Unlike the states in Australia, the Australian Capital Territory and Northern Territory do not have their legislative powers guaranteed in the Australian Constitution. Instead, the Australian parliament has enacted legislation which enables the two territories to be able to govern themselves: the Australian Capital Territory (Self-Government) Act 1988 (Cth) and the Northern Territory (Self-Government) Act 1978 (Cth). The territories thus derive their legislative powers from these federal Acts.

It is rare, but the Australian parliament can limit, reduce or repeal powers in the territories. Below is a brief timeline of how the territories’ rights to legislate for voluntary assisted dying were taken away – and the efforts taken to restore them.

1995

Northern Territory legislates for voluntary euthanasia with the Rights of the Terminally Ill Act 1995.

1996

Federal MP Kevin Andrews introduces the Euthanasia Laws Bill 1996. This Bill inserts provisions into each of the territories’ Self-Government Acts which bans them from being able to legislate for voluntary assisted dying. It specifically repeals the Northern Territory’s Rights of the Terminally Ill Act 1995. It passes the House of Representatives 88 votes to 35.

1997

The Euthanasia Laws Bill passes the Senate 38 to 33 votes. The Euthanasia Laws Act 1997 comes into force on 27 March 1997.

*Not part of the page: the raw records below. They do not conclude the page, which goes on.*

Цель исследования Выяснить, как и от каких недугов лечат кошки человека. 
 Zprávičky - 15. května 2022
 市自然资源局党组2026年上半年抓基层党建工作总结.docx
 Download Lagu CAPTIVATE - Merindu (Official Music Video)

From here on, neither the ACT nor the Northern Territory can legislate for voluntary assisted dying.

2004

Senator Lyn Allison introduces the Euthanasia Laws (Repeals) Bill. It is never debated.

2008-2010

Senator Bob Brown introduces several Bills to repeal the Euthanasia Laws Act. One goes to a committe for inquiry, where they determine it should not proceed. One is debated but not voted on.

2012

Senator Richard Di Natale introduces the Restoring Territory Rights (Voluntary Euthanasia Legislation) Bill. The Bill is not debated.

2015

Senator David Leyonhjelm introduces the Restoring Territories Rights (Assisted Suicide Legislation) Bill.

2016

Senator Di Natale and Senator Katy Gallagher introduce the Restoring Territory Rights (Dying with Dignity) Bill. The Bill is not debated.

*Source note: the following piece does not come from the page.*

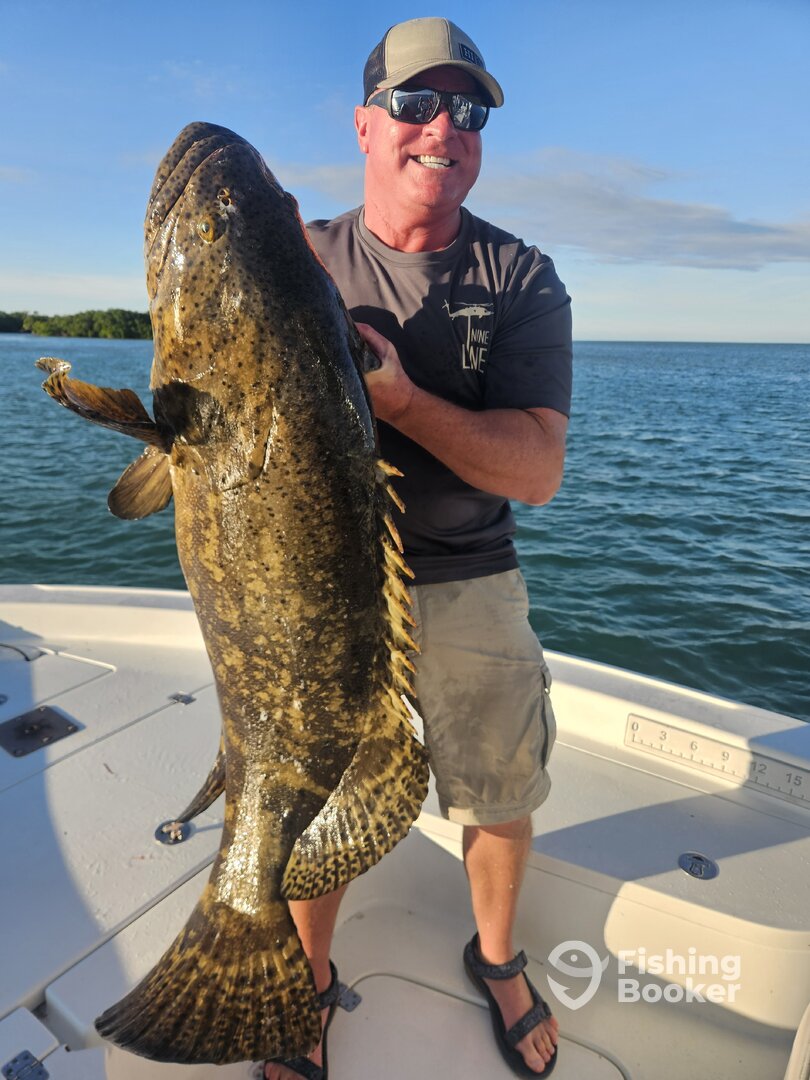 100lb Goliath grouper 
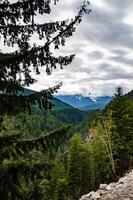 View of the mountains in the clouds, coniferous forest in the mountains, Washington state photo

A second-reading debate begins on Senator Leyonhjelm’s 2015 Bill.

2017

Senator Leyonhjelm’s 2015 Bill is restored to the Notice Paper. The second-reading debate continues.

Victoria becomes the first state in Australia to pass voluntary assisted dying laws.

The ACT Legislative Assembly establishes a select committee to inquire into End of Life Choices, including voluntary assisted dying.

2018

The second-reading debate on Senator Leyonhjelm’s 2015 Bill continues.

The Senate agrees to proceed with debate on the Bill on 14, 15 and 16 August 2018.

On 15 August following considerable debate, the question of the Bill is put before the Senate. It is defeated 36 to 34.

On 16 August, the ACT Legislative Assembly passes the only remonstrance motion in the history of its parliament, protesting the Senate’s rejection of the Bill. The remonstrance debate can be viewed here. The text of the remonstrance is here. Media coverage of the debate is here.

On 20 August, ACT MP Andrew Leigh and NT MP Luke Gosling jointly introduce the Restoring Territory Rights Bill 2018. It lapses at the dissolution of that term of parliament in 2019.

On 13 September, the Speaker of the ACT Legislative Assembly formally presents the remonstrance to the President of the Senate.

2019

The ACT Legislative Assembly select committee tables its report into end of life choices, with chapters 8 and 9 devoted to voluntary assisted dying.

In June, the Victorian legislation for voluntary assisted dying comes into effect.

On 27 November, the following motion is passed unanimously in the ACT Legislative Assembly:

In November, the petition to restore Territory rights is launched.

In December, Western Australia becomes the second state in Australia to pass voluntary assisted dying laws.

2020 (Present Day)

Tasmanian MP Mike Gaffney intends to introduce a private member’s Bill to legislate for voluntary assisted dying at end August/early September.

The situation in the ACT and NT remains unchanged: federal legislation persists which bans us from legislating for voluntary assisted dying.